Top of Data for this task
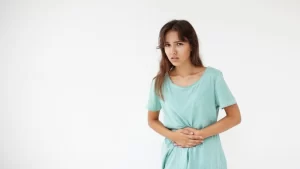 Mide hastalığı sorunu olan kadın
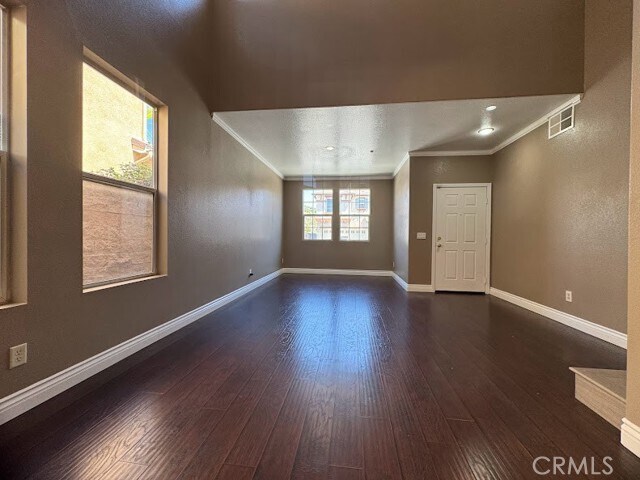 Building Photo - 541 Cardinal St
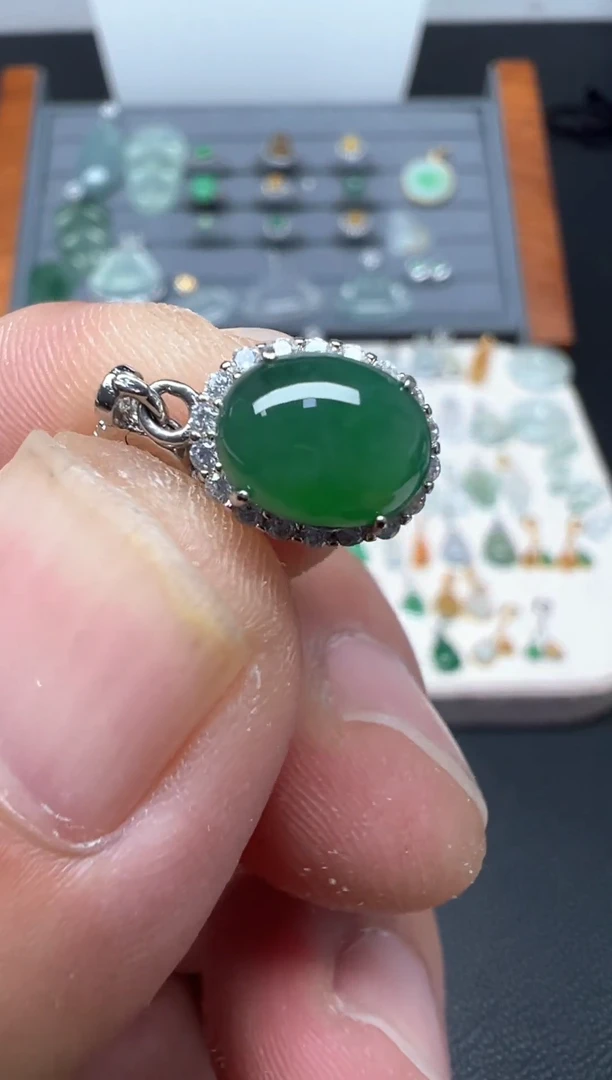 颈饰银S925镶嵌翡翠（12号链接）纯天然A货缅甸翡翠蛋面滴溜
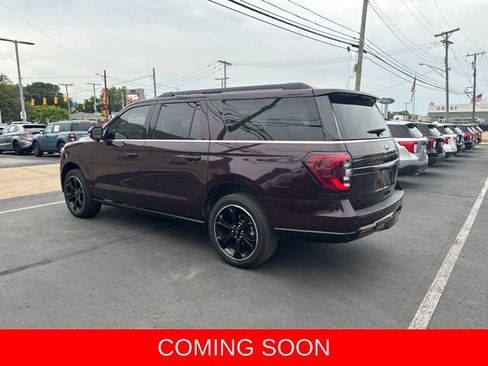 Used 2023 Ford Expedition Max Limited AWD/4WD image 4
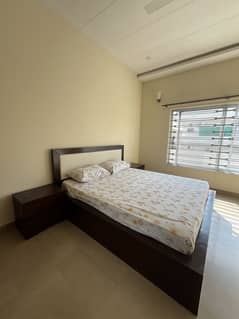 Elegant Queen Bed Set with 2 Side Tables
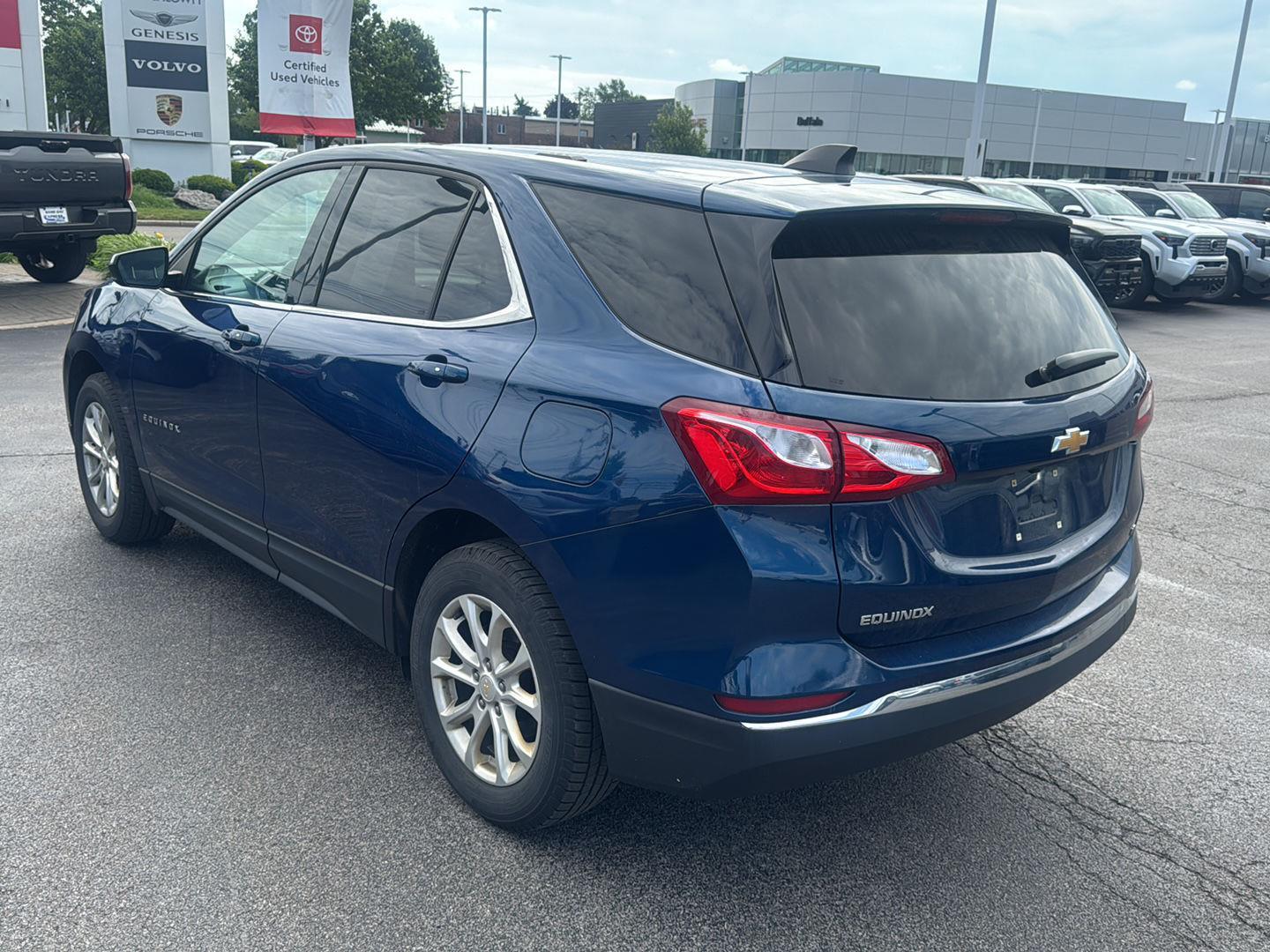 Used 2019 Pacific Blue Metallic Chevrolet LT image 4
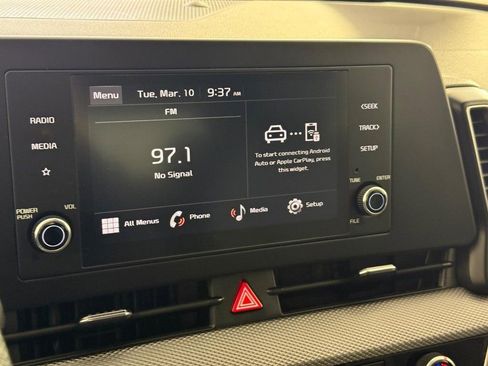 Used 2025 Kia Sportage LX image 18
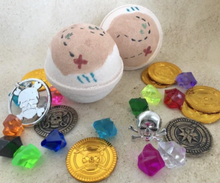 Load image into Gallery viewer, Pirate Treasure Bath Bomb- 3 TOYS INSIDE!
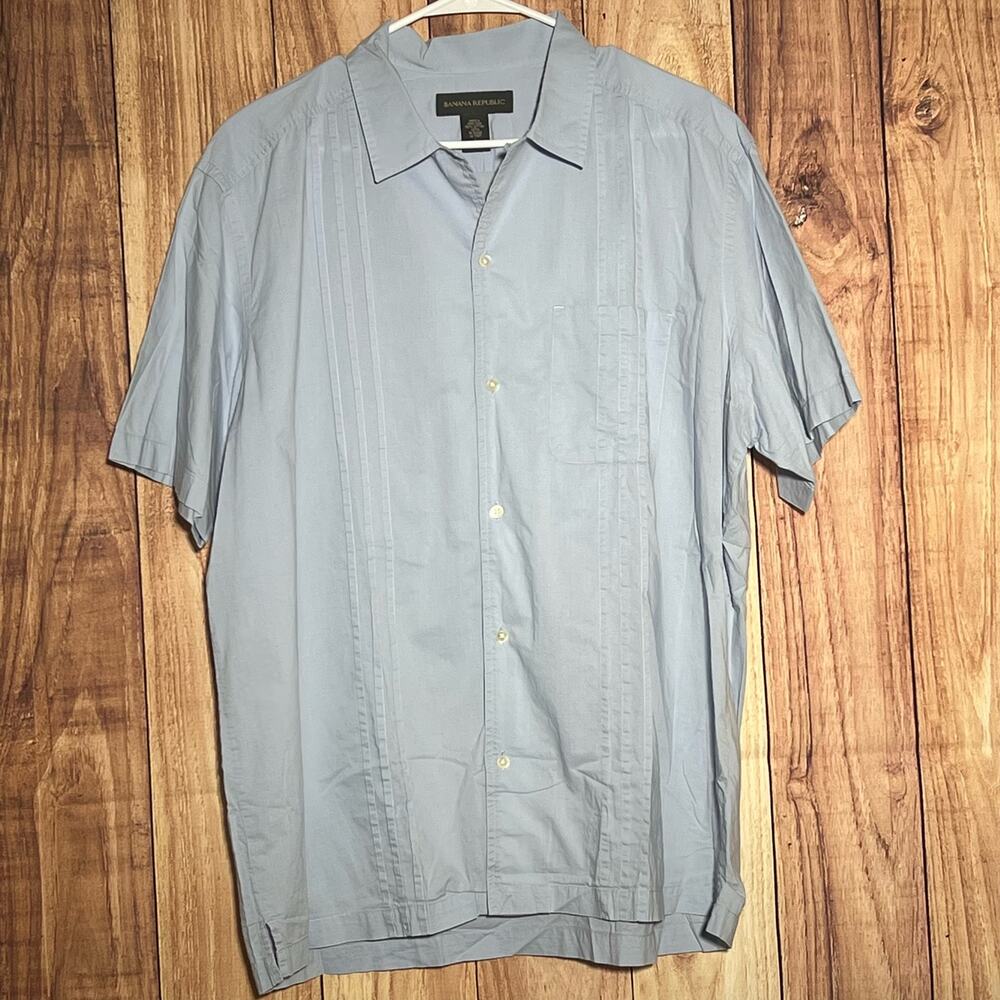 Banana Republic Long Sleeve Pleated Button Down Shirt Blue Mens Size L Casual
Bottom of Data for this task
About this exercise — Please print every record exactly as written, without the pictures.

Answer to this task —
 Mide hastalığı sorunu olan kadın
 Building Photo - 541 Cardinal St
 颈饰银S925镶嵌翡翠（12号链接）纯天然A货缅甸翡翠蛋面滴溜
 Used 2023 Ford Expedition Max Limited AWD/4WD image 4
 Elegant Queen Bed Set with 2 Side Tables
 Used 2019 Pacific Blue Metallic Chevrolet LT image 4
 Used 2025 Kia Sportage LX image 18
 Load image into Gallery viewer, Pirate Treasure Bath Bomb- 3 TOYS INSIDE!
 Banana Republic Long Sleeve Pleated Button Down Shirt Blue Mens Size L Casual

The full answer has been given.